* There is a wide disconnect between the current market's focus on short-term influences and the long-term and worrisome trends in pension obligations, spiraling debt, the wealth/income gap and the Fed's ability to extricate itself from its large balance sheet.
"I'd say get it while you can, yeah
Honey, get it while you can, yeah
Hey hey, get it while you can
Don't you turn your back on love, no, no
Don't you know when you're loving anybody, baby
You're taking a gamble on a little sorrow
But then who cares, baby
'Cause we may not be here tomorrow, no."
--Janis Joplin, "Get It While You Can"
We live in a not-so-brave world in which time frames have been increasingly compressed, owing in part to the impact of technology on human behavior. It is as if almost everyone these days has ADHD, or attention-deficit hyperactivity disorder.
This short-term behavior permeates our society as physical human interaction is diminished in a world of Twitter, Instagram and Snapchat.
Even politics is subverted to the short term. For example, politicians are elected and almost the next day they have begun to campaign and raise money for their next election. Another example of the short-term orientation and subversion of longer-term thinking is seen in President Trump's impulsive, possibly dangerous and seat-of-the-pants tweeting, which is now being "normalized," as an expression of delivering policy that in the past has been conducted in a far more contemplative way. Or even in Anthony Weiner's sexting!
Nowhere is the compression of time frames more apparent than in the investment business, where it seems that everyone has become a day trader.
As it is said, market opinions are like noses -- everyone has one!
The business media spend most of their time asking the talking heads questions that are likely to be responded to without much rigor because it's easier looking at a price chart or monitoring "unusual call activity" in making short-term trading decisions than employing fundamental analysis that is time-consumptive and laborious. Among the usual questions:
* Where are interest rates going by year-end?
* What is the next 50-handle move in the S&P Index?
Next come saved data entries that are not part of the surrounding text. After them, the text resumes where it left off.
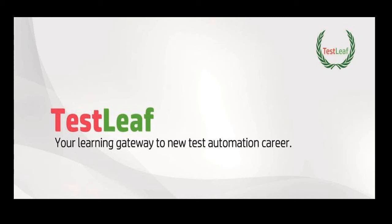Welcome to TestLeaf video library. This video will demonstrate how to read PDF in Selenium WebDriver.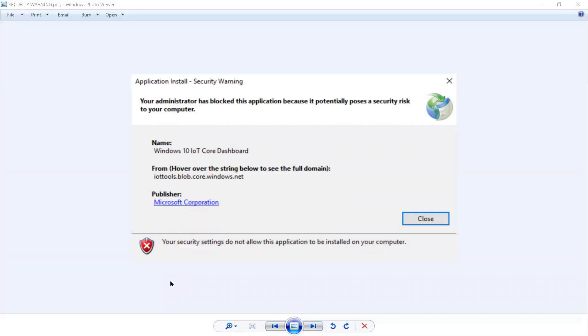Have you ever tried to install a program or download a file and you're receiving a message that looks like this?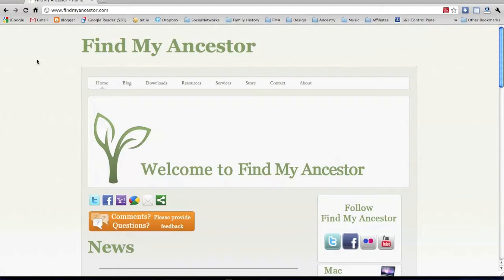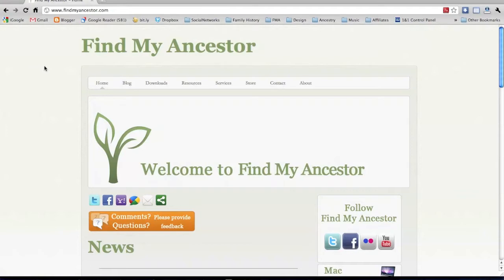Welcome to the Find My Ancestor screencast. Today I'm going to show you how to make your Blogger blog mobile-friendly, so you can view it on mobile devices such as an iPhone, an iPad, Android device, or any other device that you can get your mobile internet on.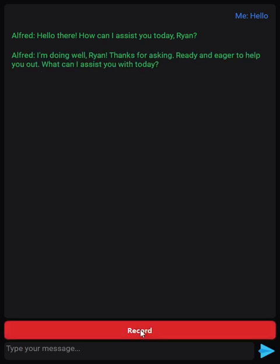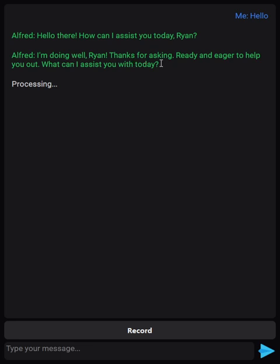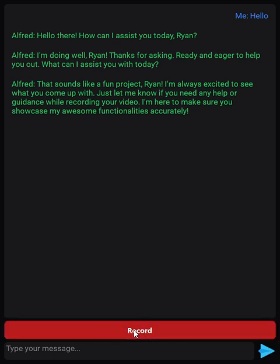I'm just doing a YouTube video again to show you some of the basic functionalities. You can see his output even from voice. Alfred says: 'That sounds like a fun project Ryan, I'm always excited to see what you come up with. Just let me know if you need any help or guidance while recording your video — I'm here to make sure you showcase my awesome functionalities accurately.' When you hover the record button it turns red, when you press it it changes color. You can either press the send icon when you type in the message.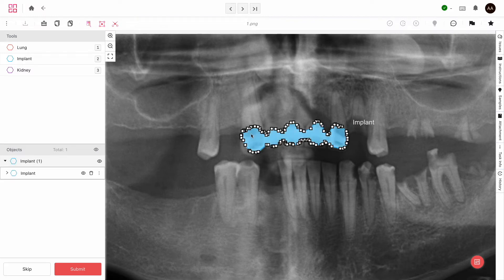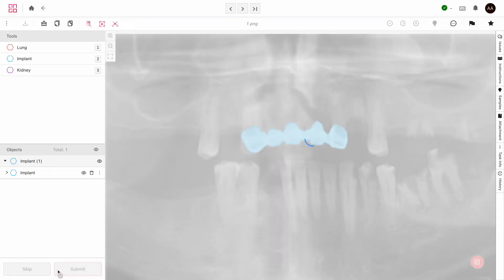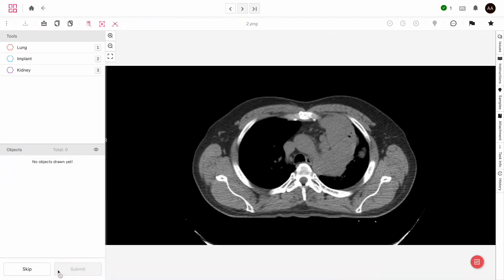When you're done labeling the asset completely, just click on submit here on the lower left corner, and you'll be shown the next asset.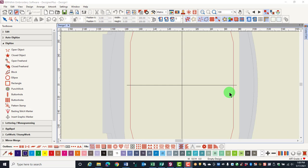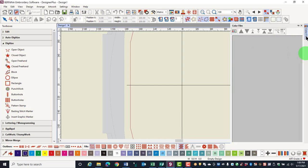When the software is first installed, one Docker appears as a tab on the right-hand side of the screen. The Color Film Docker is used extensively in the software when you are creating and editing designs.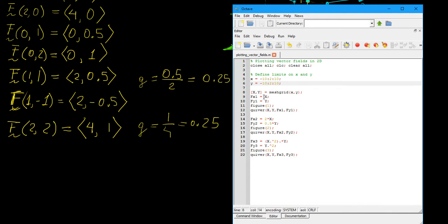Once we have the grid defined, we define the vector field in terms of its components. I have three functions to plot. For the first one, the horizontal component is x and the vertical component is y. To generate the vector field figure, you use the command quiver, which generates a plot of arrows or a velocity field. The first two inputs are the coordinate matrices, and the next two inputs are the x and y components of the vector field.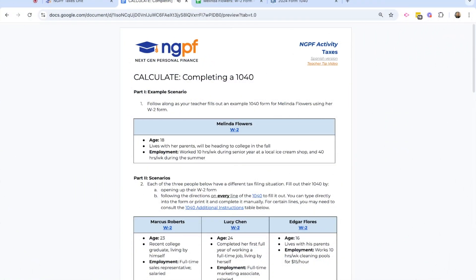I am going to walk you through completing Melinda Flowers' 1040 form, which is the example scenario in this activity, Calculate, Completing a 1040.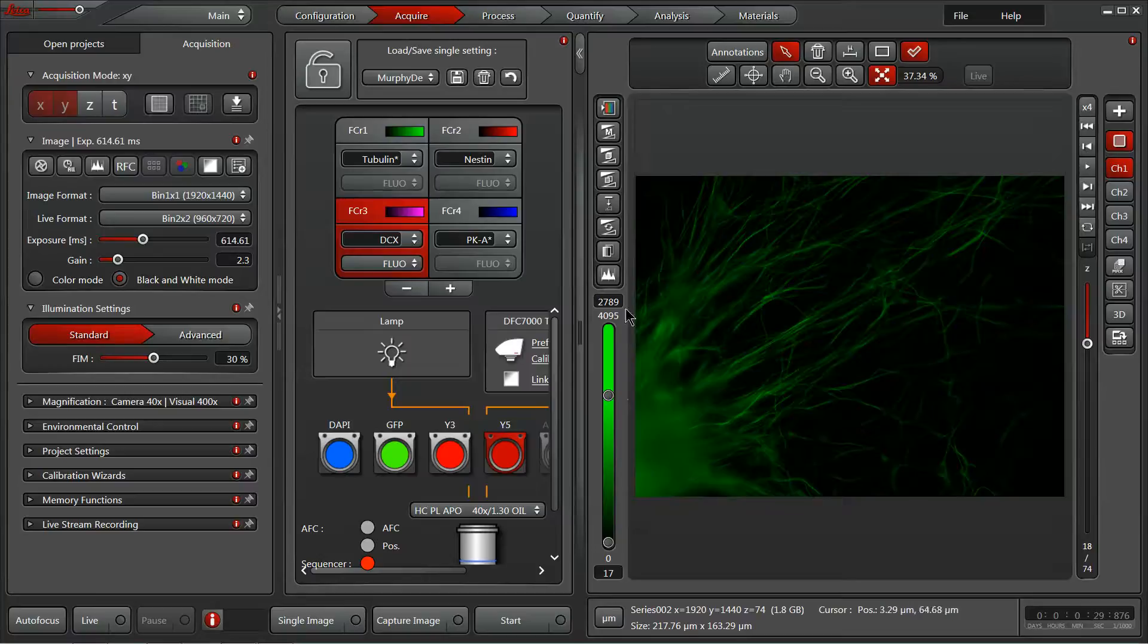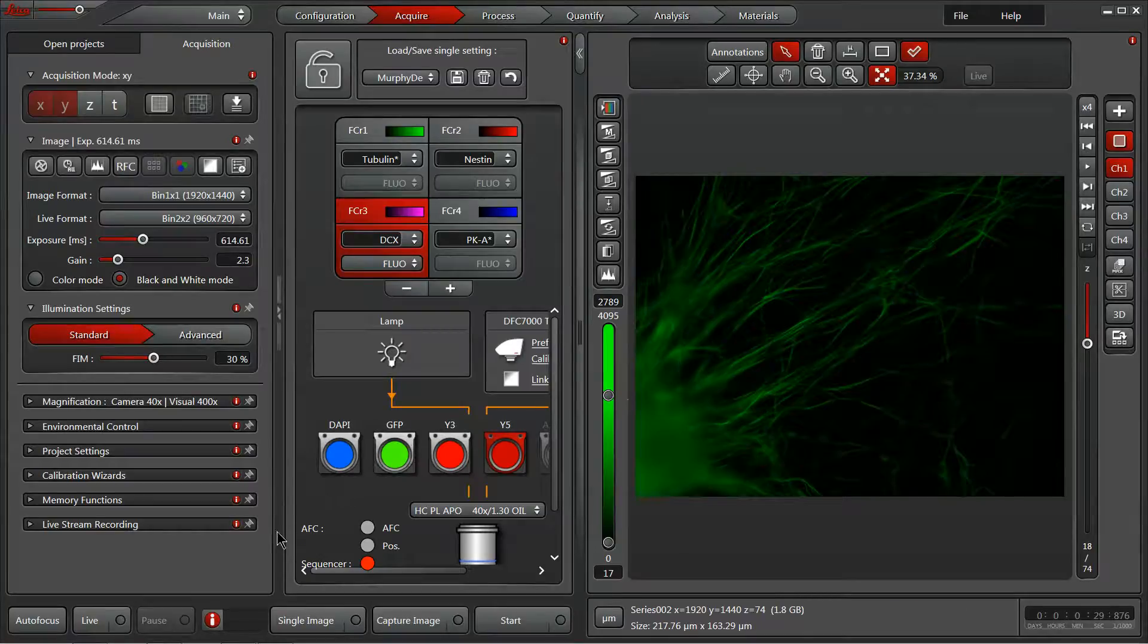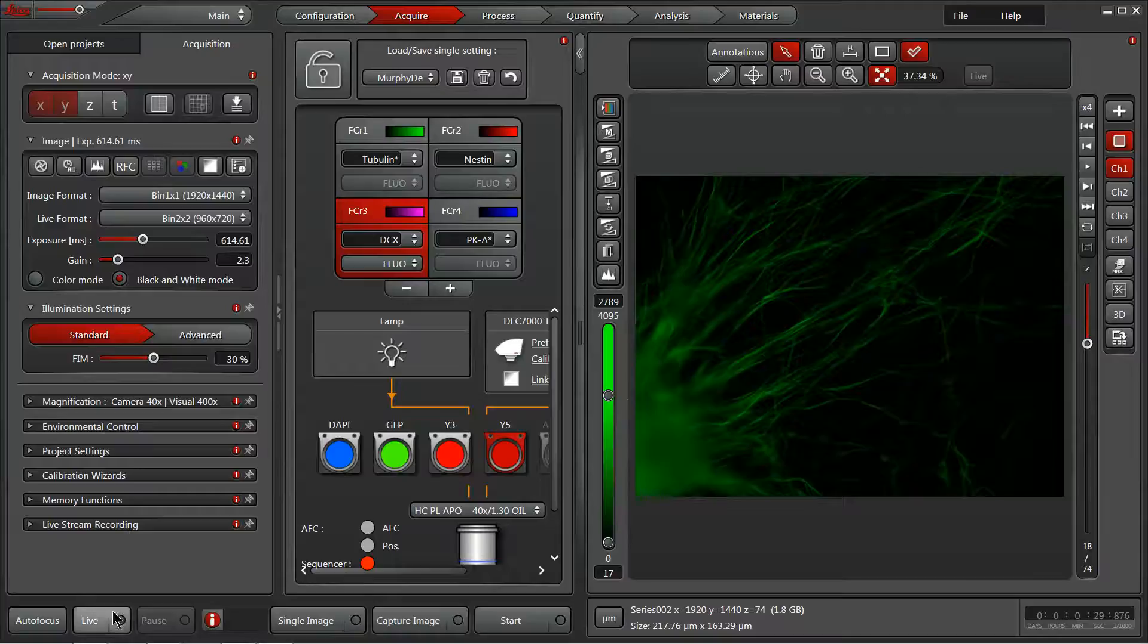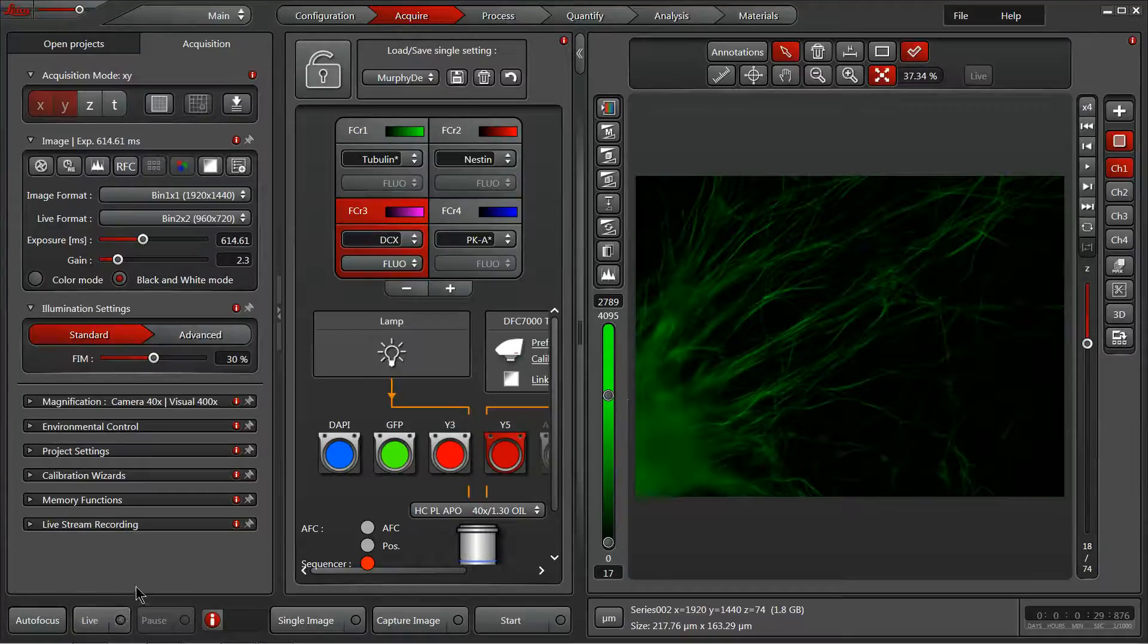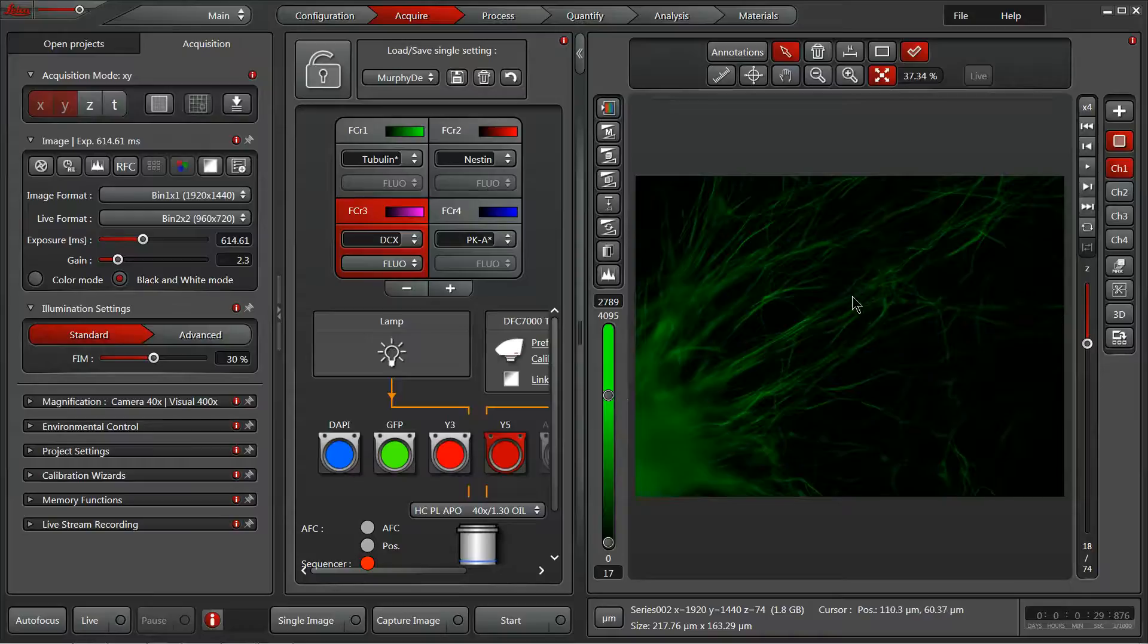Now let's have a look at the buttons across the bottom of our Acquire tab. We've got a live button which will begin the live feed from the camera and display it here in our image display panel on the right.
* How will XYZ Co.'s shares respond to this afternoon's earnings report?
* What is the next move in the U.S. dollar, the price of oil, in soybeans or in the emerging market space?
The limited discussion and consideration of intermediate to longer-term prospects -- such as whether we are pulling investment returns forward -- may be a technologically influenced event or may be the desire, as Janis Joplin reminded us all, of "getting it while we can." Or it might be the byproduct of the continuing eight-year bull market in which dips are ever bought.
Regardless, current prices always must be measured and judged not only by the next near-term variable (such as interest rates, earnings and the price of oil), but also by the assessment of the intermediate to longer term.
And it is the longer term that to me and to some others is where the greatest concerns lie for investors today.
These longer-term concerns seem to have been ignored by most market participants and by the machines, algorithms and ETFs, which have been fueled by large inflows that have translated into the virtuous market cycle I recently wrote about in "Active vs. Passive Conflict, and Why All Dips Are Bought."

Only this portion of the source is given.